Lists of potential successors to Liberal Democrat leader and Deputy Prime Minister Nick Clegg began to appear almost as soon as he walked through the doors of number of Number 10 with David Cameron nearly four years ago. The same names have featured time and time again ever since, and now some of the leading contenders are doing more than just riding the speculation.
Treasury Chief Secretary Danny Alexander landed another blow against Business Secretary Vince Cable recently by being the Lib Dem who declared Scotland could not keep the pound if it went independent. The announcement firmed up his position as the ranking member on economics at the expense of Cable.
Alexander is well known to fancy a run at succeeding close ally Clegg. Sources say he was wary of having a big hitter take the deputy leadership of the party, so he was probably delighted that the winner was fellow Scot Sir Malcolm Bruce, who is standing down in 2015.

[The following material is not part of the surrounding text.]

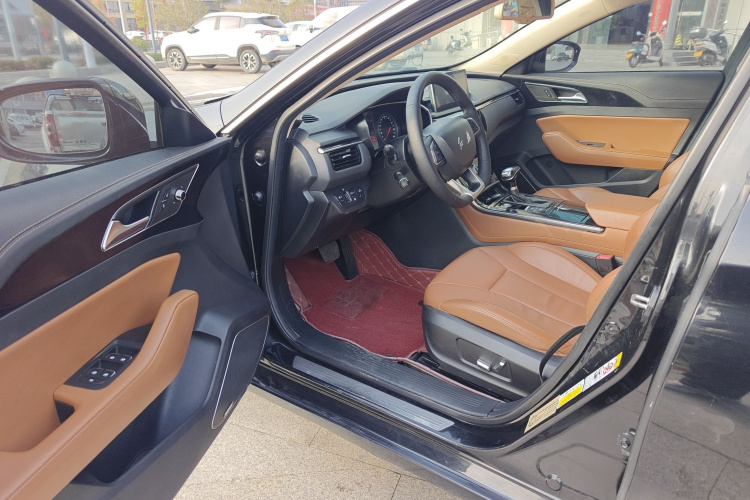 红旗H5 2018款 30TD 智联韵动版中控内饰7002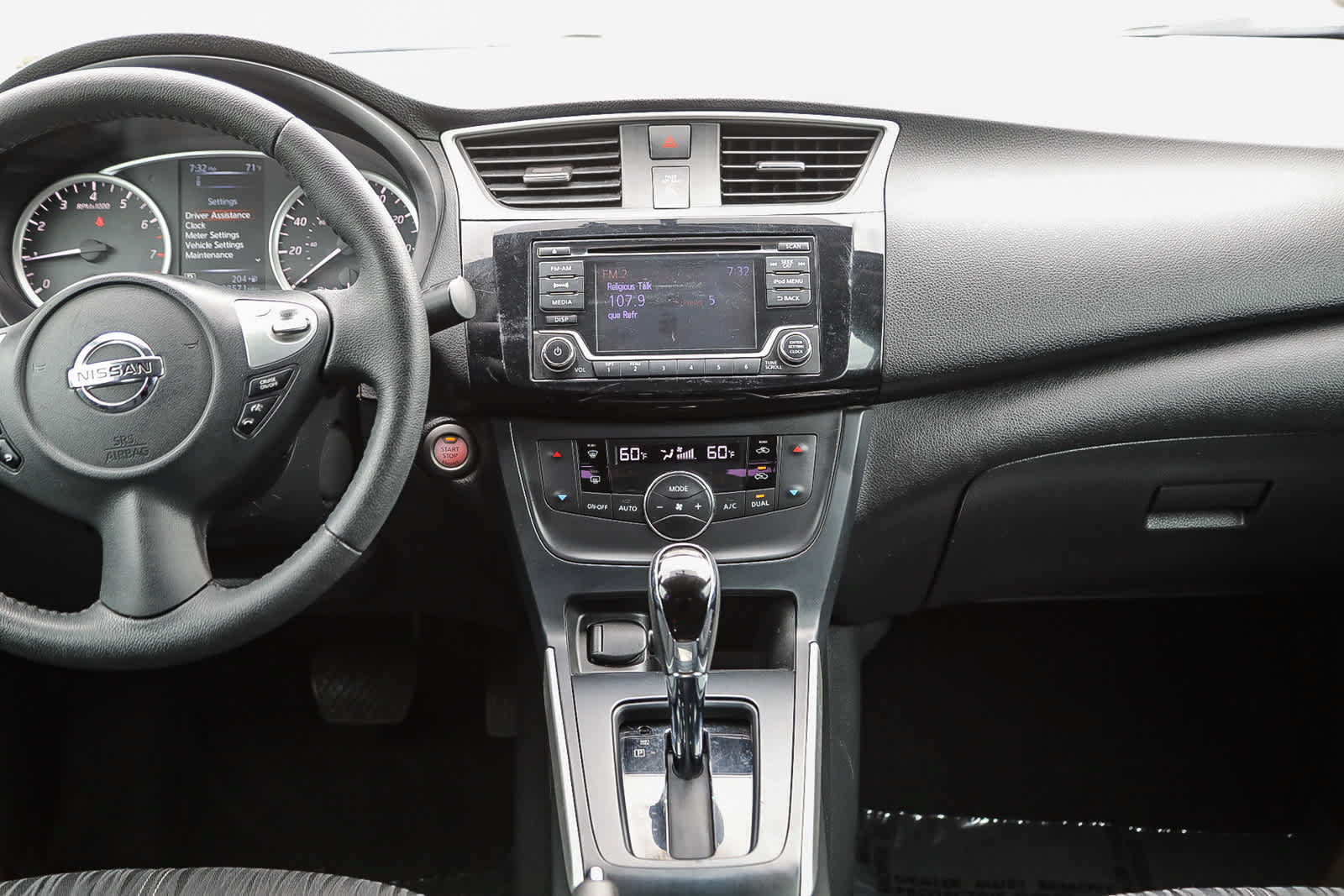 Used 2018 Nissan Sentra SV FWD image 13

Alexander brought in a new advisor at the end of last year, Peter Carroll, who was behind the successful campaign fronted by actress Joanna Lumley, and supported by the Lib Dems, to get Gurkha soldiers residence in the UK. Carroll is said to be sharpening up Danny Alexander’s internal politics, as he is not that popular amongst the activist base. As one source puts it, Alexander is “putting the team together.”
The other obvious leadership candidate is lefty party president Tim Farron.
Beloved by Lib Dem activists, Farron did blot his copybook with many when he failed to vote for gay marriage. There are mutterings of gay Lib Dem MPs who will actively seek to stop Farron succeeding Clegg as a result. Farron also clearly has a strong infrastructure in place, and good access to the party’s grassroots thanks to his current role, which sees him travelling around the country meeting local parties.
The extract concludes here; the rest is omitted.